That's not a shabby endorsement of co-creation, a development process Local Motors sees as a way to turn the car industry on its head. With more eyes trained on the evolving design and with a broader audience providing feedback, Local Motors says it's assured the resulting car design will resonate with the customer audience, Mike Pisani, Local Motors' vehicle engineer and lead builder trainer, told me in an interview. So far, the Local Motors online community is around 20,000 people, including registered users and Facebook and Twitter followers, and the firm has taken 140 deposits on its Rally Fighter model, with 20 cars already delivered.
In addition to the active online community of collaborators, there's a strong design tool angle to the Local Motors story.
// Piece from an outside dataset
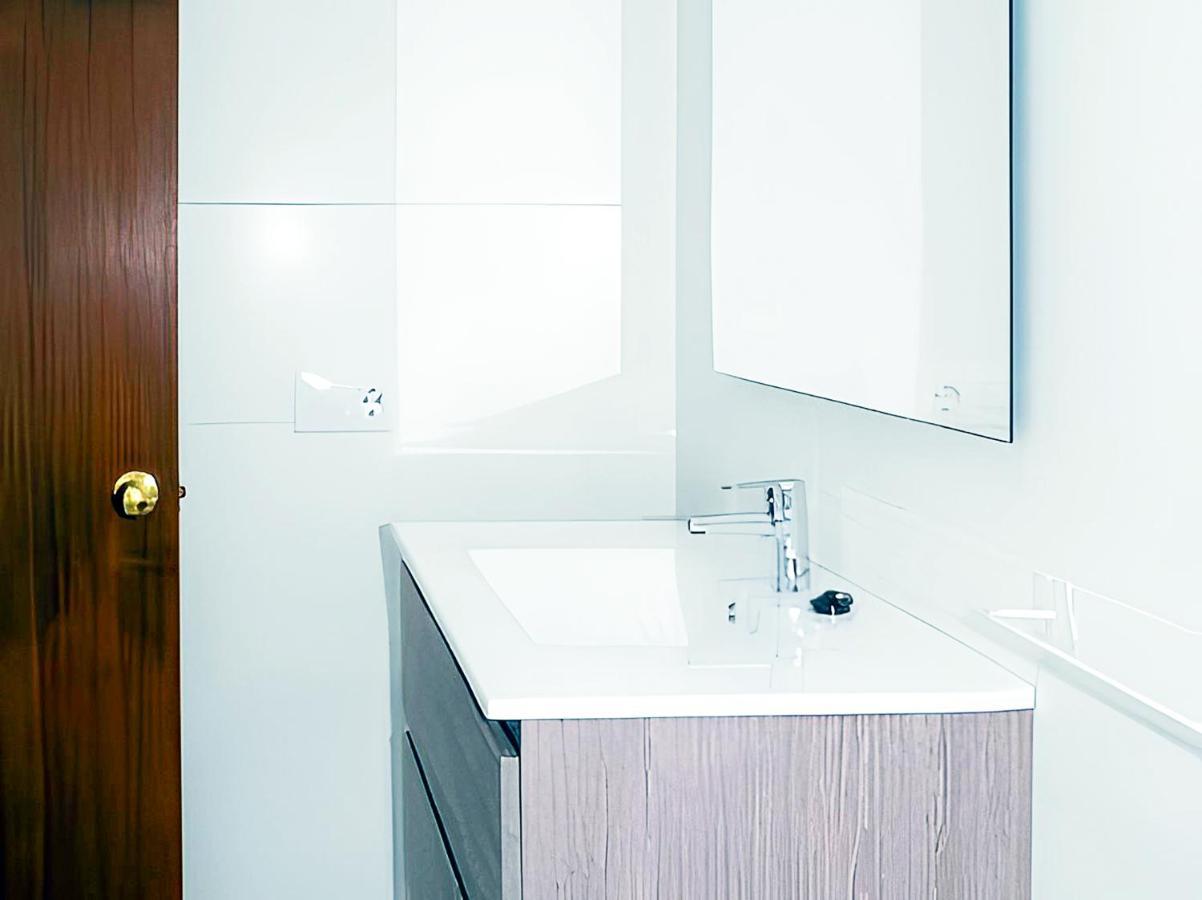 Apartamentos Garaje & Aire & Wifi & Solo Familias Y Parejas Conil De La Frontera Bagian luar foto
The 2D concepts are brought into a SolidWorks 3D CAD to model the various components of the car, and Inventor Alias and CATIA Surfaces are used to do shaping and surface work. 3D printers are also a critical part of the development process, to both develop custom parts and to effectively integrate components into the vehicle packaging, Pisani says.
In one instance, the Rally Fighter team needed a driveshaft yoke to accommodate its offroad-ready suspension. Pisani says the team purchased the closest off-the-shelf part it could find and reverse-engineered it using 3D printing and scanning technology from ZCorp. to capture the surface data, refine it in SolidWorks CAD, and print a concept model to ensure proper fit. In another example, the team employed 3D printing to create a mold of the front quarter-panel of the Rally Fighter, taking the component to local malls to canvas headlights and taillights so it could easily find an off-the-shelf part that would fit.
With the CAD/3D printing approach, Local Motors can create and test a design option in a matter of days instead of waiting weeks for a machine shop to go through expense and multiple revisions of tooling, Pisani claims.
While I'm not naïve enough to think the Local Motors approach is a turnkey replacement for legacy automotive manufacturing, there are some valuable lessons to be gleaned that should give crowd-sourcing skeptics food for thought.